Ascelin n'eut pas le temps d'argumenter ; l'elfe était retourné à son repos aquatique. Il rentra chez lui, accablé, et l'esprit vagabond : ainsi, il ne prit pas garde à la fontaine à l'entrée du village. Lorsqu'il poussa la porte de son domicile, le silence l'accueillit. Il eut beau appeler plusieurs fois sa femme, la chercher dans tous les recoins, aucune trace de sa présence ne subsistait.
Découragé, il s'assit sur le pas de sa porte et observa les gens aller et venir. Il vit au loin la fontaine, qu'il avait ignorée en arrivant, entourée par des personnes s'adonnant à une étrange pratique. Pas si étrange que ça pour notre Ascelin, qui comprit rapidement l'origine de cet attroupement.
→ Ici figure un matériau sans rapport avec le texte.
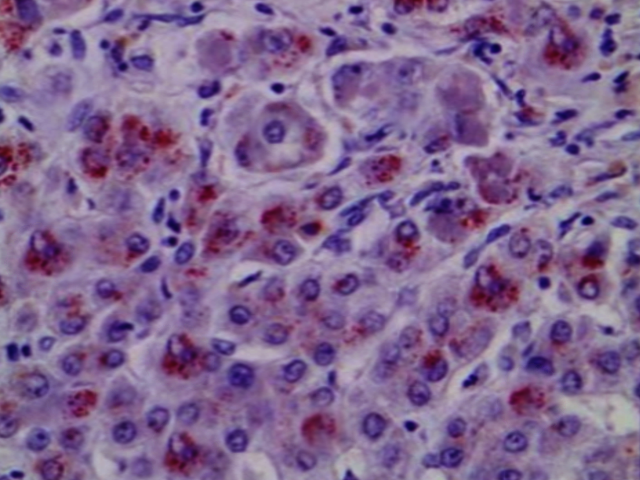 <p>Wilson Disease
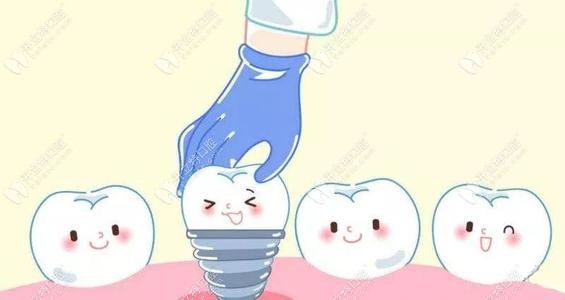 种植牙价格表 种植牙价格表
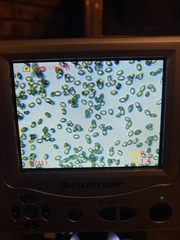 Cortinarius causticus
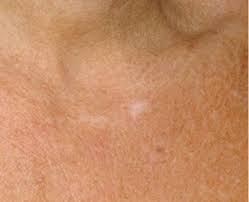 Today, 1 january 2019, i saw some improvement of upper legs, but in lower legs the situation is still sad. Hypopigmentation Best Clinic Sydney For Dermal Fillers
Le petit garçon, qui l'avait interrogé plusieurs mois auparavant, racontait à qui voulait l'entendre, que la fontaine réalisait les vœux si l'on y jetait une pièce. Ascelin se jura de ne plus invoquer l'aide d'un quelconque génie. Comme le dit le dicton : rien n'est plus ennuyeux que l'utopie(1).
(1) Citation de Philippe Curval.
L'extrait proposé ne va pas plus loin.